Showing posts with label reading. Show all posts
Showing posts with label reading. Show all posts

Monday, July 28

Thoughts on the web's effects on our minds

Being a teacher, I somewhat agree that the internet is making us stupid. I saw this most clearly in trying to get my students to absorb information on climate change and make an argument for or against specific premises in the debate using a PowerPoint-style presentation. Some of them excelled, others just wanted to cull text from websites, copy and paste them to slides, and read it all off the wall to the bored audience. They had no sense of how to analyze the information, distill it into points, and support or refute those points using evidence and logic.

On the other hand, I don't know how I feel about the generalization that reading on the web in some way detracts from the cognitive skills acquired from reading text in print. I do both, and while I know that my attention span has shrunk, the content on the web is so much more distilled and comprehensive if you look on the right sites. For example, I read Al Gore's The Assault on Reason, which really went into detail in the first few chapters arguing that TV has fundamentally changed our "gut level" reaction to politics, but all of that could've been summarized just as easily in a blog post with links to scientific studies that support the ideas.

I think the web is great for counter-acting the very problem Gore decried because we have to process things cognitively in reading them online, rather than just reacting to a visual image, in reading politics blogs. This is good, although we now filter our news sources to our liking, and so supposedly drive partisan wedges ever deeper in our political divide, in addition to increasing our ignorance of viewpoints that we selectively exclude. The reason this is good despite the costs is that most people simply weren't armed with factual support and logical arguments to justify their political preferences. Partisanship may have increased, but at least most political partisans are well-educated (or misinformed) in their strong opinions, rather than going on the basis of what I heard my grandmother say about candidates: "I like the look of him."

Long story short, heavy web users know how to go to reliable sites for valid information, go through and distill long sections of prose into key points, and learn how to analyze writing and presentation for any viewpoint bias. I think that reading books is fantastic, and ought never end, but the power of the footnote is impotent compared with the power of the hyperlink to propel you to reference information.

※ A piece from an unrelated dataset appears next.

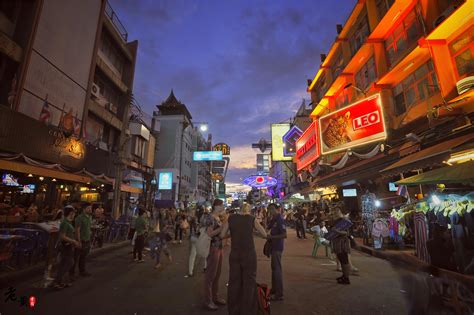 曼谷考山路，这里是全球背包客聚集地，本地人远远少于游客数量泰国山路背包客新浪新闻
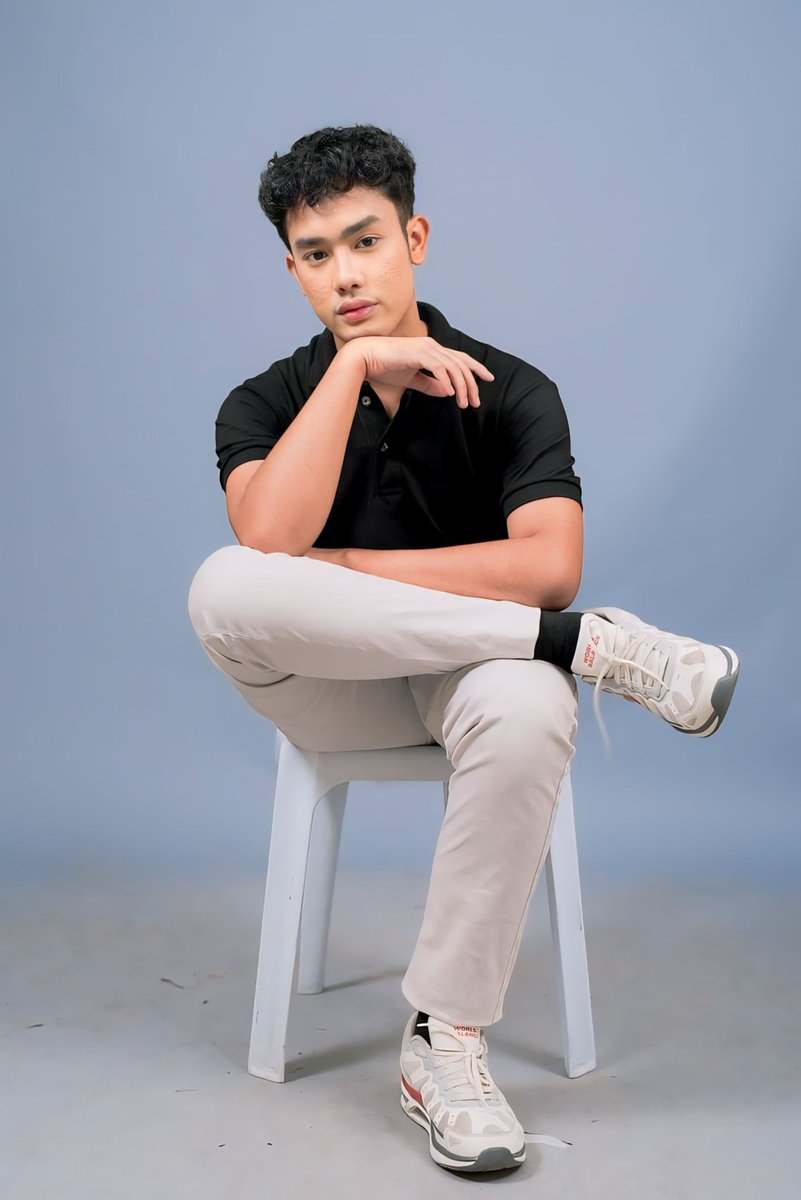 Bosssjayy's tweet photo. Me being extra confident ✨ https://t.co/CCNjAdMsLo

How many times, when you're reading a book, do you remember some trivia apropos to the topic and wish you had that at your fingertips? That's part of the sexiness of moving away from dead tree versions of information.

Thursday, July 17

Summer reading

After seeing John McSame brag about being "5th from the bottom" of his Naval Academy class...of 899 individuals...I got to thinking about thinking. I thought geek was chic, even for chicks, but apparently not for GOP presidential material.

Thinking of that brings me to thinking of reading for pleasure, which has been tied directly to student performance, and employment economics, more strongly than almost any other measure. This summer, I've been able to read a fair amount, finishing the last two installments of King's Dark Tower series, Frank Herbert's Dune and Douglas Preston's Blasphemy. I spent more time than I'd intended on my writing on morality, which was important to me. For atheists or geeky-science types, I really recommend reading Blasphemy, whose plot features a particle collider far outmatching the LHC at CERN and strong religious themes throughout. It has a great twist at the end. I was able to read it in just a few hours; it's an easy read with a good plot. Check it out.

Friday, June 6

Correlations between reading and politics, religion

It's never as simple as we want it to be.

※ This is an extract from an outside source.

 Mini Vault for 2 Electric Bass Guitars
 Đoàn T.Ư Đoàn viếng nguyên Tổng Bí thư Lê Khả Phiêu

I want more people to read, and I complain about reading in America. Then, on the other hand, I wish that people read less of the same ol', same ol' religious stuff and tried a solid philosophical treatise on morality or metaphysics. It really seems that a lot of what people read is fluff and at least partially ahistorical, given Americans' preferences for religious reading. The trend is moving at least in part away from these books, so that's encouraging...

That said, there is evidence that people who are nonreligious and those who are politically liberal read more than those who are religious and political conservatives.
People from the West and Midwest are more likely to have read at least one book in the past year. Southerners who do read, however, tend to read more books, mostly religious books and romance novels, than people from other regions. Whites read more than blacks and Hispanics, and those who said they never attend religious services read nearly twice as many as those who attend frequently.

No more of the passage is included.